Il sogno calcistico del centrocampista Sandro Tonali (18) di essere convocato in nazionale azzurra dal CT Roberto Mancini, non è il primo e non sarà nemmeno l’ultimo caso in cui un selezionatore  decide di pescare tra i talenti del campionato di serie B.
Il giovane calciatore del Brescia è stato spesso accostato al suo predecessore Andrea Pirlo (ma si sente più vicino a Verratti), che mosse anch’egli i primi passi nelle rondinelle prima di affermarsi a livello mondiale con la Juventus e la nazionale.
La storia del calcio italiano è stata spesso contraddistinta in passato da queste convocazioni inaspettate ma azzeccate nel torneo cadetto, come andremo a ricordare con precisione.
La stagione calcistica 1993/1994 fece registrare la chiamata del terzino Daniele Carnasciali della Fiorentina in serie B da parte dell’allora CT Sacchi che lo convocò senza esitazioni.
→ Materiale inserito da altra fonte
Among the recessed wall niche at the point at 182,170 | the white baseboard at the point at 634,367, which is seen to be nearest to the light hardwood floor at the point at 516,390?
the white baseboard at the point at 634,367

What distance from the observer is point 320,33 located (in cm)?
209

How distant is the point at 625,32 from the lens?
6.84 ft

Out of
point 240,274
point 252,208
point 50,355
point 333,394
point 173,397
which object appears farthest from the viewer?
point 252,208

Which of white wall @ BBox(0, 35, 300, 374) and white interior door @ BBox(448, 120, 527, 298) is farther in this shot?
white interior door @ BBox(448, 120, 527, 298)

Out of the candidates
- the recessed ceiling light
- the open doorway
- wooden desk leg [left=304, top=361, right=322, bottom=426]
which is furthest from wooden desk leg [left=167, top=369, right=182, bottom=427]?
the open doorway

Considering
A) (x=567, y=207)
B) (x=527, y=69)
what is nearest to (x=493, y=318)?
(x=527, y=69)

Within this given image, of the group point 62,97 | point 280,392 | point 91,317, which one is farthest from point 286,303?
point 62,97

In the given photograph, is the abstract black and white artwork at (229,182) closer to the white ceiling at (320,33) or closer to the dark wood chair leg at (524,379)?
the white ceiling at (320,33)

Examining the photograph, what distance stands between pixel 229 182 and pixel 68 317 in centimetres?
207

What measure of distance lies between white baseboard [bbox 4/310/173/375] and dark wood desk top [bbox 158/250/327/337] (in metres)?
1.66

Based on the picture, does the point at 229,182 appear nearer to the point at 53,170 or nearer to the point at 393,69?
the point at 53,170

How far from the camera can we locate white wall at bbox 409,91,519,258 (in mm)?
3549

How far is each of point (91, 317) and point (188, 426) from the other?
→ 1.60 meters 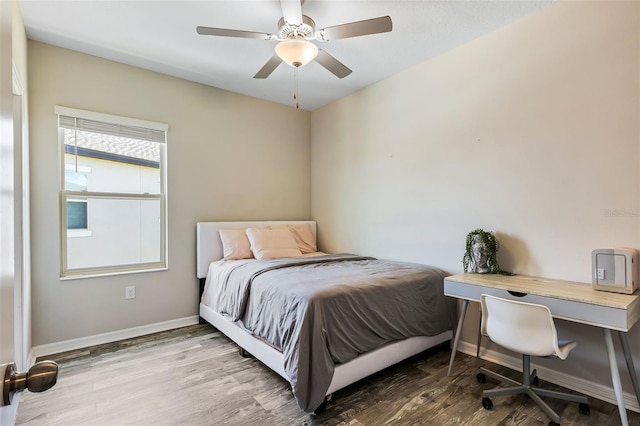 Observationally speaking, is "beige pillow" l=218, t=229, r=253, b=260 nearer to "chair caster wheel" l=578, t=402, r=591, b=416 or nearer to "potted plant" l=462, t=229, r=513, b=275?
"potted plant" l=462, t=229, r=513, b=275

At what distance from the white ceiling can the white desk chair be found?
211 cm

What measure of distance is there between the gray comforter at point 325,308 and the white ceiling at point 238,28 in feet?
6.54

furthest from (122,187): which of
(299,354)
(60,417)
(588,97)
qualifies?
(588,97)

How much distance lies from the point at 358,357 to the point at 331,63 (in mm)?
2161

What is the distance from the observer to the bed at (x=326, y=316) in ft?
6.24

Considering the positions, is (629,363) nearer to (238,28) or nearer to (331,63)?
(331,63)

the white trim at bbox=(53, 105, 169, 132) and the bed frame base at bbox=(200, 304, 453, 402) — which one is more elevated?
the white trim at bbox=(53, 105, 169, 132)

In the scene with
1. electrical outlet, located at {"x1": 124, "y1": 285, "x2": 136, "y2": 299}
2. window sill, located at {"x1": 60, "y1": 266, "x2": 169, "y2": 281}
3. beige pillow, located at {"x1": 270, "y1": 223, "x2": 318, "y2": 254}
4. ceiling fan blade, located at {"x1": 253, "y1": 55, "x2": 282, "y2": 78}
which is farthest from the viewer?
beige pillow, located at {"x1": 270, "y1": 223, "x2": 318, "y2": 254}

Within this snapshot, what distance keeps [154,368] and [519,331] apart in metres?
2.64

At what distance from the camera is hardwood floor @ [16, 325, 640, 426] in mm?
1880

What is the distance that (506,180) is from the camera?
2.57 meters

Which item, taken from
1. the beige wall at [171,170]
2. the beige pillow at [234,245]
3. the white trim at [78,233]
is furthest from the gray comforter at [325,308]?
the white trim at [78,233]

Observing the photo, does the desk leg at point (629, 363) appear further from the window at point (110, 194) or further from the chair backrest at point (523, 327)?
the window at point (110, 194)

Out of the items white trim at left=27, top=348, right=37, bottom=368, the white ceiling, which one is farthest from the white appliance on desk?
white trim at left=27, top=348, right=37, bottom=368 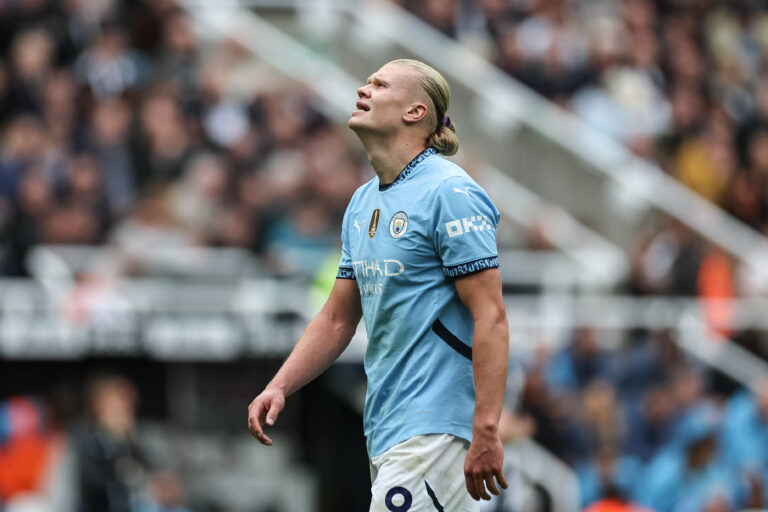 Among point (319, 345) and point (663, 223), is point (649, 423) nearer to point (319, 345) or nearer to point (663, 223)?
point (663, 223)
Nel marzo del 2002 fu la volta dell’attaccante Maccarone, che militava in B con la maglia dell’ Empoli e venne chiamato dal commissario tecnico Giovanni Trapattoni, che lo aveva notato.
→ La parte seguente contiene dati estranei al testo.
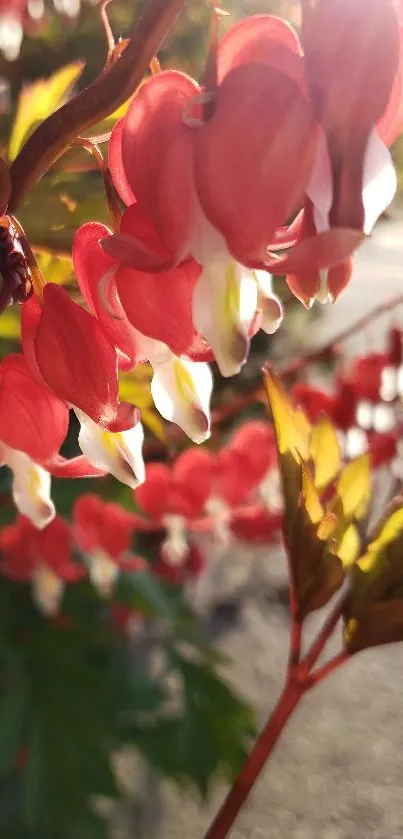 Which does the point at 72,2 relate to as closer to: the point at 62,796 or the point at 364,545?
the point at 364,545

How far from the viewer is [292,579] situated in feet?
1.06

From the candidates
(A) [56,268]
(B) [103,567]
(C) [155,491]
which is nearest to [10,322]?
(A) [56,268]

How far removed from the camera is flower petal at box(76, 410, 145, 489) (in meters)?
0.29

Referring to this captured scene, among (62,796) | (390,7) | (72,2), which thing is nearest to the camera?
(390,7)

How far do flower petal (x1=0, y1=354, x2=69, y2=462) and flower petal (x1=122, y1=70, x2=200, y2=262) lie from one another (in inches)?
4.2

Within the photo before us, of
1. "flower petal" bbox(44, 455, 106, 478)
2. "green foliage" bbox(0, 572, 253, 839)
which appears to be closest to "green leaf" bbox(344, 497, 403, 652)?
"flower petal" bbox(44, 455, 106, 478)

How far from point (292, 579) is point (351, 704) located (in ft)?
2.16

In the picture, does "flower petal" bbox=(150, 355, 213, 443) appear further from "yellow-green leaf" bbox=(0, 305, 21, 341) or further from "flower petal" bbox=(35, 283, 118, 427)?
"yellow-green leaf" bbox=(0, 305, 21, 341)

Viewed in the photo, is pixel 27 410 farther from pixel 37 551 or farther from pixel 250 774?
pixel 37 551

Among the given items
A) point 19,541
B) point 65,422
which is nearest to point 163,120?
point 65,422

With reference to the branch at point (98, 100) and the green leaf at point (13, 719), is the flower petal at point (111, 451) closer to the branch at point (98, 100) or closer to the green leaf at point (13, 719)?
the branch at point (98, 100)

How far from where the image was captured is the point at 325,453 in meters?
0.36

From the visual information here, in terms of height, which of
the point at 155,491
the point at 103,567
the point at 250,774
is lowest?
the point at 103,567

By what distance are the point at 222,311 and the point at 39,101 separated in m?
0.15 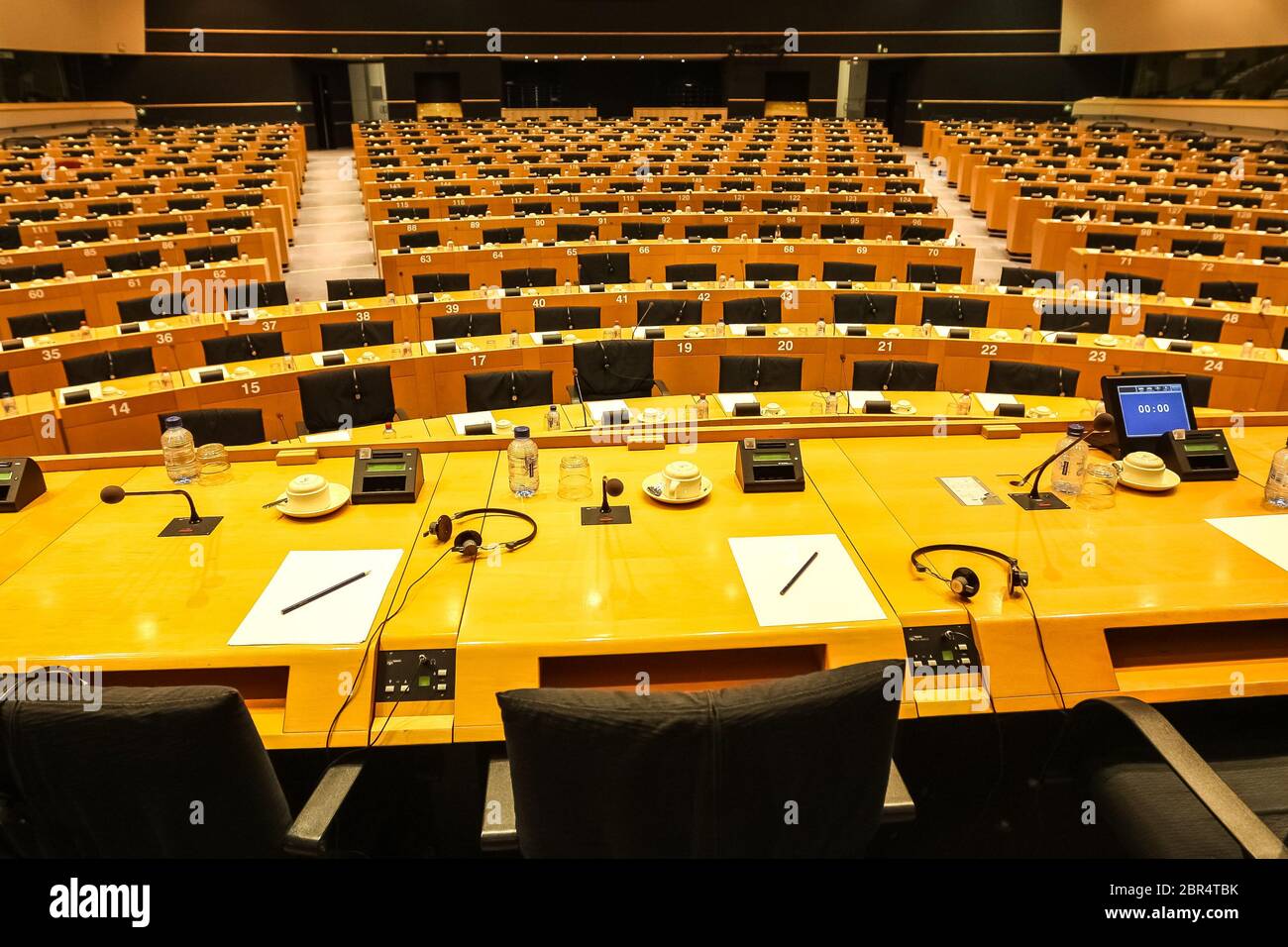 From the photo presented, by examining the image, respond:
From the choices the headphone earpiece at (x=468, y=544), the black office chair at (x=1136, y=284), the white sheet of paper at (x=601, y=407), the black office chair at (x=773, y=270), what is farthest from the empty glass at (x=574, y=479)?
the black office chair at (x=1136, y=284)

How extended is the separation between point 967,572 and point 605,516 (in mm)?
1114

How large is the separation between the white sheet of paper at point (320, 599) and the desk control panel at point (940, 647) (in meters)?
1.43

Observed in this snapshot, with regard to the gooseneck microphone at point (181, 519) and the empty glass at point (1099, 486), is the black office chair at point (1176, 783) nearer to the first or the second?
the empty glass at point (1099, 486)

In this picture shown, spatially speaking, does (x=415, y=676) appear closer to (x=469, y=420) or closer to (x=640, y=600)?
(x=640, y=600)

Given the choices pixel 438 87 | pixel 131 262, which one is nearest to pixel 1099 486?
pixel 131 262

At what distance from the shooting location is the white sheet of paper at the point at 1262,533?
241 cm

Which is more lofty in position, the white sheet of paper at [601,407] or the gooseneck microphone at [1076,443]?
the gooseneck microphone at [1076,443]

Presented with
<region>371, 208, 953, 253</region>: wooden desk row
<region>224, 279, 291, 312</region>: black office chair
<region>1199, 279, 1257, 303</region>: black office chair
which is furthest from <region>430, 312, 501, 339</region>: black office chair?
<region>1199, 279, 1257, 303</region>: black office chair

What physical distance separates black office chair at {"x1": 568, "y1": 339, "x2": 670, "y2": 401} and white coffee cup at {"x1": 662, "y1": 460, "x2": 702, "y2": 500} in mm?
3164

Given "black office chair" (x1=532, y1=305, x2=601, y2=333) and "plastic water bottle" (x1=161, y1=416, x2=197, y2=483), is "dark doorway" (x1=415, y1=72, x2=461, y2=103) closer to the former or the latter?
"black office chair" (x1=532, y1=305, x2=601, y2=333)

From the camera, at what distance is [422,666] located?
81.6 inches

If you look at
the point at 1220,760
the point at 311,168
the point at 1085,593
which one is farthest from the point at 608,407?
the point at 311,168

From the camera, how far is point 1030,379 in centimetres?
538

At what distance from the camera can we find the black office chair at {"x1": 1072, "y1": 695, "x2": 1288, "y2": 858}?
5.62 ft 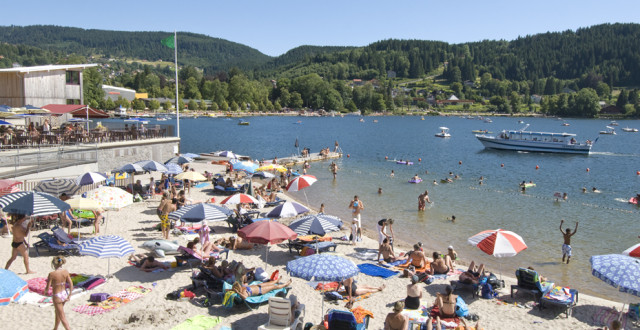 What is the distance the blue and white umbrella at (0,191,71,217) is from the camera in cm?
1238

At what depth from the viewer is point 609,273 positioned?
10312 mm

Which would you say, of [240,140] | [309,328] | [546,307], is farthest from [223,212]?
[240,140]

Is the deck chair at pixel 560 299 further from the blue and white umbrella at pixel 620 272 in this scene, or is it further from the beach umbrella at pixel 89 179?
the beach umbrella at pixel 89 179

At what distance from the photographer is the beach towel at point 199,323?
9592 millimetres

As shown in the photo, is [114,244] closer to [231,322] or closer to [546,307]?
[231,322]

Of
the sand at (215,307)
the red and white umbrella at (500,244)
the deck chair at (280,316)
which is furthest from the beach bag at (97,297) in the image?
the red and white umbrella at (500,244)

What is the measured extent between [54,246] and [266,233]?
6740 millimetres

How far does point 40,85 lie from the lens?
33688 mm

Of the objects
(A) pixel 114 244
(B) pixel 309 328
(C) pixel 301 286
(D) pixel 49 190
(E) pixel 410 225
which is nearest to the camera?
(B) pixel 309 328

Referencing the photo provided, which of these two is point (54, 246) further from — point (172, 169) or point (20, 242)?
point (172, 169)

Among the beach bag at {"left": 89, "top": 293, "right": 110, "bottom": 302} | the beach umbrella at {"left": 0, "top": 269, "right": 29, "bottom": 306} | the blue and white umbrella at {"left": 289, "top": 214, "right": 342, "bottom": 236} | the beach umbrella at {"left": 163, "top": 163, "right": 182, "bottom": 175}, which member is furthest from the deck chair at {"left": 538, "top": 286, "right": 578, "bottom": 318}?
the beach umbrella at {"left": 163, "top": 163, "right": 182, "bottom": 175}

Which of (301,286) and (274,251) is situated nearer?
(301,286)

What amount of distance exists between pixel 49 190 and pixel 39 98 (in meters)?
20.4

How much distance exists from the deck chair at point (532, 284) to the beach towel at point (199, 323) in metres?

Al termine della stagione cadetta targata 2011/2012 il CT Prandelli chiamò in nazionale il granata Ogbonna ed il biancazzurro Verratti, entrambi reduci dalla promozione in serie A con Torino e Pescara.
Il primo giocatore di serie B ad essere convocato in nazionale azzurra fu il grande centravanti Giorgio Chinaglia, con la maglia della Lazio nel 1972.